Avoid inserting duplicate record

Discussion in 'MySQL' started by JamieC, Oct 18, 2005.

  1. #1
    Hi All,

    We have recently purchased an XML feed of news articles from a news organisation.

    I'm trying to write a script to copy this feed into a mySQL database. The problem I have is that their XML feed updates in a "queue" style system where as a new article is added, the last article is removed.

    I'm trying to write an insert statement like this:

    INSERT INTO articles ( OriginalID , SourceID , Created , Headline , Article , ArticleSummary , PictureURL , PictureURLSmall ) VALUES ( foo , bar ... );
    Code (markup):
    ...that will avoid adding duplicate stories to my database. The field that I can used to identify duplicates is 'OriginalID'. Ideally I would like to do this in a single statement - in fact, i'm sure i've done it before but I can't find the code!

    My primary key is an auto increment on the database, rather than using their article id, which is why I can't rely on mySQL to handle this - this is a precaution in case I add additional news sources at a later stage.

    Maybe something along the lines of 'IF NOT EXISTS'?

    Any suggestions?

    Cheers!

    - Jamie
     
    JamieC, Oct 18, 2005 IP
  2. jbw

    jbw Peon

    Messages:
    343
    Likes Received:
    12
    Best Answers:
    0
    Trophy Points:
    0
    #2
    create a unique key on the field, or do a select first to see if it exists inside a transaction that is followed by the insert if needed, if you are using something that support it (not myisam).

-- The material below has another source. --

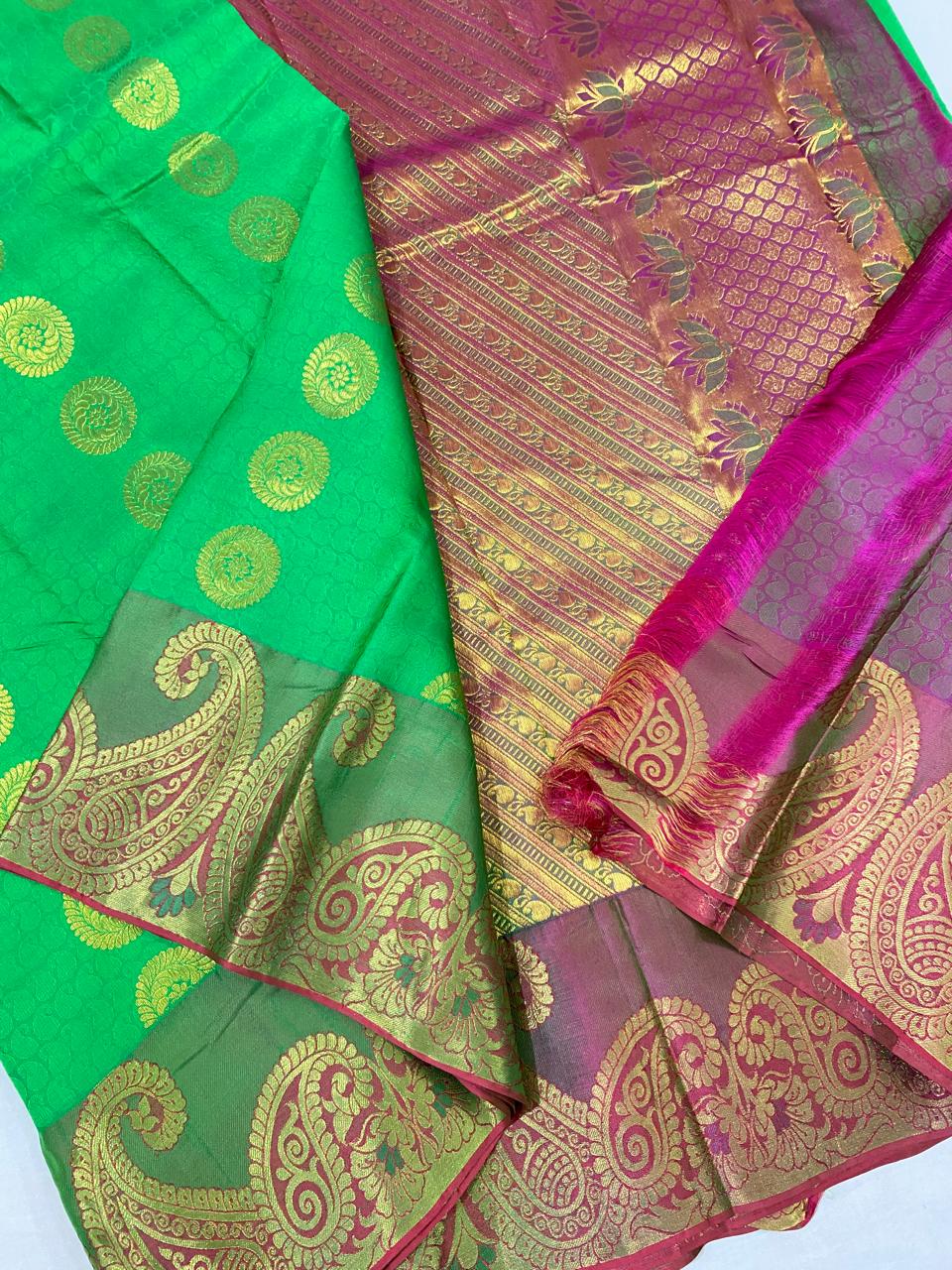 Kanchipuram semi silk sarees
Beautiful Design
beautiful Semi 20%pure mixed soft silk sarees*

    Another option is to make the primary key a composite key that includes both your unique id and the data sources.
     
    jbw, Oct 18, 2005 IP
  3. JamieC

    JamieC Well-Known Member

    Messages:
    226
    Likes Received:
    5
    Best Answers:
    0
    Trophy Points:
    138
    #3
    This is my ideal solution, however I am having trouble composing a conditional statement for mySQL. Any clues as to the syntax?

    Cheers,

    Jamie
     
    JamieC, Oct 18, 2005 IP
  4. jbw

    jbw Peon

    Messages:
    343
    Likes Received:
    12
    Best Answers:
    0
    Trophy Points:
    0
    #4
    actually I think the key ideas are more the idea solution really.

    but to do it htis way you would do

    mysql_query(
    'begin work;
    select count(*) from blah where blah');

    now back in your code you check the value of count

    if ( count < 1) mysql_query('insert blah blah');
    mysql_query('commit;');


    btw, postgreql is a better db for doing things like this.
     
    jbw, Oct 18, 2005 IP
  5. JamieC

    JamieC Well-Known Member

    Messages:
    226
    Likes Received:
    5
    Best Answers:
    0
    Trophy Points:
    138
    #5
    Hi jbw,

    Thanks for your help through the day. In the end I went, as you suggested, for the unique key option. Just not sure if I like having to deliberately create "exceptions" - but it seems to be the most efficient method.

    Just to clarify, I am actually working with mySQL and VBScript - weird combo I know!
     
    JamieC, Oct 18, 2005 IP
  6. J.D.

    J.D. Peon

    Messages:
    1,198
    Likes Received:
    65
    Best Answers:
    0
    Trophy Points:
    0
    #6
    You can go with an additional lookup, as jbw suggests, or you can just look up some data from the last feed item you processed (e.g. look up description and URL with the highest autoincremented record ID) and then skip all new feed entries until you get the item you found in your database. Then you can process all feed entries following this one.

    J.D.
     
    J.D., Oct 23, 2005 IP
  7. JamieC

    JamieC Well-Known Member

    Messages:
    226
    Likes Received:
    5
    Best Answers:
    0
    Trophy Points:
    138
    #7
    Hi all,

    Bit of a follow up to this query, which is why I have included it in the same thread. I have now discovered that our supplier makes modifications to existing articles in their XML feed. This means that I need to update rows that have new content.

    My current insert statement is:

    
    INSERT INTO articles ( OriginalID , SourceID , Created , Headline , Article , ArticleSummary , PictureURL , PictureURLSmall ) VALUES( " & ItemID & " , 1 , '" & Created & "' , '" & EscapeCharacters( Headline ) & "' , '" & EscapeCharacters( Article ) & "' , '" & EscapeCharacters( ArticleSummary ) & "' , '" & EscapeCharacters( PictureURL ) & "' , '" & EscapeCharacters( PictureURLSmall ) & "' )"
    
    Code (markup):
    The table also includes an autonumbered ArticleID. I have set OriginalID to be unique, so when an existing article is encountered currently the INSERT does not take place.

    I now want to UPDATE existing records with the content in the XML feed (which may or may not have changed).

    I have been investigating the ON DUPLICATE KEY UPDATE feature, but the documentation is slightly vague.

    Does anyone have any suggestions as to how I can achieve this?

    Thanks in advance,

    Jamie
     
    JamieC, Oct 28, 2005 IP
  8. clickbuild

    clickbuild Member

    Messages:
    89
    Likes Received:
    4
    Best Answers:
    0
    Trophy Points:
    48
    #8
    If the feed you are getting contains anything unique such as an ID or title (which shouldn't change) then use this concept to save time

    Setup the table with a unique key (ID or TITLE)

    // this will only insert unique result - using the insert failure as a filter
    RESULT = QUERY: insert this row into the datbase including ID/TITLE

    // if you want to update the table do this - using the failure above as an
    // indicator that the record exists
    if the RESULT fails
    UPDATE this row based on ID

    Once you get this running properly, just suppress any error messages and away you go.

    Hope that makes sense - I wanted to put a non-code example.
     
    clickbuild, Oct 29, 2005 IP